Diese Methodik haben wir 2009 im Rahmen einer Studie zur Berechnung der theoretischen Kapazität der Simplon-Strecke in der Schweiz entwickelt und eingesetzt. Untersucht wurden verschiedene Betriebskonzepte mit unterschiedlichen Pufferzeiten und variierenden Ausprägungen dieser Strecke zwischen Brig in der Schweiz und Domodossola in Italien. Die errechneten optimierten Fahrpläne wurden simuliert und auf ihre technische Umsetzbarkeit hin erfolgreich überprüft. Unter Annahme der günstigsten realistischen Bedingungen ergänzt unser Plan in optimaler Weise 63 voreingelegte Fahrtrassen des Personenverkehrs durch 137 neu berechnete Güterverkehrs-Trassen. Damit konnte erstmals eine theoretische Kapazität dieser Strecke von 200 Zügen pro Tag nachgewiesen werden.

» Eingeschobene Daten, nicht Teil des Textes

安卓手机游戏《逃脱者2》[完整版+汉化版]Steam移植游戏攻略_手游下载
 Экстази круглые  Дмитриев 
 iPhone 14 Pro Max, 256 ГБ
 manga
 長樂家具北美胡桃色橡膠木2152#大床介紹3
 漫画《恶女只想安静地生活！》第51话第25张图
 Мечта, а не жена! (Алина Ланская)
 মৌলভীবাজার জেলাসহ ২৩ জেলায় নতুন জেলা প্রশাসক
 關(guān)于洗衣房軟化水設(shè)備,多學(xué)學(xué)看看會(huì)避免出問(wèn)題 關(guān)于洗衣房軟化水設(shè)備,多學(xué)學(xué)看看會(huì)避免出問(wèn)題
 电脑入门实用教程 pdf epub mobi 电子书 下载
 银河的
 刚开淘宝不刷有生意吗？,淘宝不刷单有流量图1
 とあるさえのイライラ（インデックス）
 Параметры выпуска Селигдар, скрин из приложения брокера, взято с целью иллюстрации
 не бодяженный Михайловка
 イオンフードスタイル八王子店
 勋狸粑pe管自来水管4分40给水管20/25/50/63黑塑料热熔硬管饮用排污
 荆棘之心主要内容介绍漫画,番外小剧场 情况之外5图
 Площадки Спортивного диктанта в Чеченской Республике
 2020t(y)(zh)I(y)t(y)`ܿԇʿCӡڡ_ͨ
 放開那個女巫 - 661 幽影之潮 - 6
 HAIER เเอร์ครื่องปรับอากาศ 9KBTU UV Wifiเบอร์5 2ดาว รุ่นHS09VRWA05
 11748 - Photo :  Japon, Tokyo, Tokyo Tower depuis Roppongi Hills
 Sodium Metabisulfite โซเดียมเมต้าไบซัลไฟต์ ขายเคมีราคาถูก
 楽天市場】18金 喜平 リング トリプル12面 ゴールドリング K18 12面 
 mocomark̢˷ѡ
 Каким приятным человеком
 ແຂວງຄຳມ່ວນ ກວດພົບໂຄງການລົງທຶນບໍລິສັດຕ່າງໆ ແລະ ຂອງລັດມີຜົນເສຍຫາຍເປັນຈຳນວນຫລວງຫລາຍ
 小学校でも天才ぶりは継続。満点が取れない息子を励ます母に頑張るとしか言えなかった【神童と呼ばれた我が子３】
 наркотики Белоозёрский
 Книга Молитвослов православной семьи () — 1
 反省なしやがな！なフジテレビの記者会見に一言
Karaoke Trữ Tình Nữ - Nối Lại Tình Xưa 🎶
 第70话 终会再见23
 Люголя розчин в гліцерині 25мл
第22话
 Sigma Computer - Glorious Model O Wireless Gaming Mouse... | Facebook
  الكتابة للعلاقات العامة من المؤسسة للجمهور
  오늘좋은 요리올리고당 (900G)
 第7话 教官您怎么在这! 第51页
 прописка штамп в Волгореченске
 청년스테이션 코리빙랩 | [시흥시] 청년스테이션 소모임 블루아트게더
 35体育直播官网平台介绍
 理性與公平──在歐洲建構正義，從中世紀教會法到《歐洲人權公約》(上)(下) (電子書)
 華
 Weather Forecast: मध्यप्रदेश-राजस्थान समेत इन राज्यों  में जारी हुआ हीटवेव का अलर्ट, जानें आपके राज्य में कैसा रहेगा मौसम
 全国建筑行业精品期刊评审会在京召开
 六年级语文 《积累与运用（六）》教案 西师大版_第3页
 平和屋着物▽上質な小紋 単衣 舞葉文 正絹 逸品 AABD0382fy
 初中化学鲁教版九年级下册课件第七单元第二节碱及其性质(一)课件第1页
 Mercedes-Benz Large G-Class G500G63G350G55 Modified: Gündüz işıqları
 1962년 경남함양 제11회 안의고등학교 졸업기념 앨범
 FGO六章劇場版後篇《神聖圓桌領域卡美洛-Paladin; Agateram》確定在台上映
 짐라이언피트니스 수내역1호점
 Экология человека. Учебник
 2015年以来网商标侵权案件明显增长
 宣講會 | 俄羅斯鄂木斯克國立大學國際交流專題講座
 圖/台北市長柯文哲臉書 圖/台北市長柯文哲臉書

Dieser Erfolg demonstriert, dass unser Ansatz praxistauglich ist und dass moderne Mathematik Netzbetreiber bei zahlreichen Planungsaufgaben zukünftig unterstützen kann. Fairer Wettbewerb und die Nutzung innovativer Optimierungsverfahren mit dem Ziel einer effizienten Trassenplanung im Eisenbahnbereich kommt uns letztlich allen zugute – schließlich sollte nur die beste Nutzung gut genug sein für ein Eisenbahnnetz, in deren Aufbau so viel Aufwand investiert wurde.